3. P1 Cache and Query Efficiency (Keep Full-Table Cache)

  • 3.1 Preserve resource/wip full-table cache as authoritative baseline while introducing indexed lookup helpers for high-frequency access paths.
  • 3.2 Reduce repeated full-array merge cost in resource status composition by using prebuilt lookup/index structures.
  • 3.3 Add cache version-coupled rebuild/update flow for derived indices and expose telemetry for index freshness.

4. P1 Frontend Compute Shift Expansion

  • 4.1 Refactor compute-heavy display transformations into reusable frontend core modules.
  • 4.2 Add parity fixtures/tests for newly shifted computations with explicit tolerance contracts.
  • 4.3 Ensure migrated pages preserve existing tab/drill-down behavior while consuming shared Vite modules.
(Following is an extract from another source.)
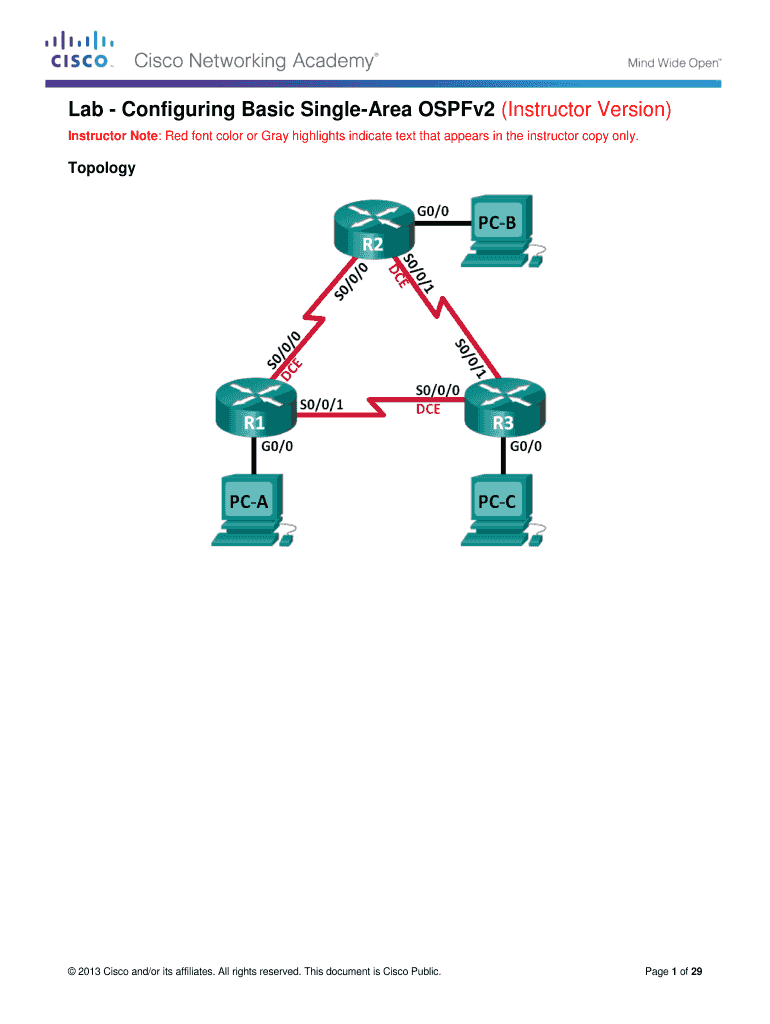 Configuring Basic Single Area Ospfv2  Form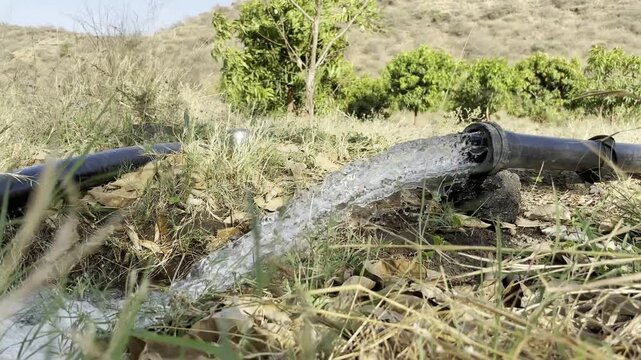 Water rushing from an agricultural irrigation pipe. black plastic pipe discharging water in a rural orchard. Close up of water gushing out of an irrigation hose. Farm irrigation water flow closeup.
5. P2 Conda/Systemd/Watchdog Runtime Alignment

  • 5.1 Align systemd service templates and runtime paths with conda-based execution model.
  • 5.2 Align startup/deploy scripts, watchdog config, and documentation to a single runtime contract.
  • 5.3 Define and document alert thresholds for sustained degraded state, restart churn, and retry pressure.

6. Validation and Migration Gates

  • 6.1 Add/extend tests for pool exhaustion semantics, circuit-breaker fail-fast behavior, and degraded response contracts.
  • 6.2 Add/extend tests for indexed cache access and frontend compute parity.
  • 6.3 Update migration gate/runbook docs to include resilience checks, conda-systemd rehearsal, and rollback verification.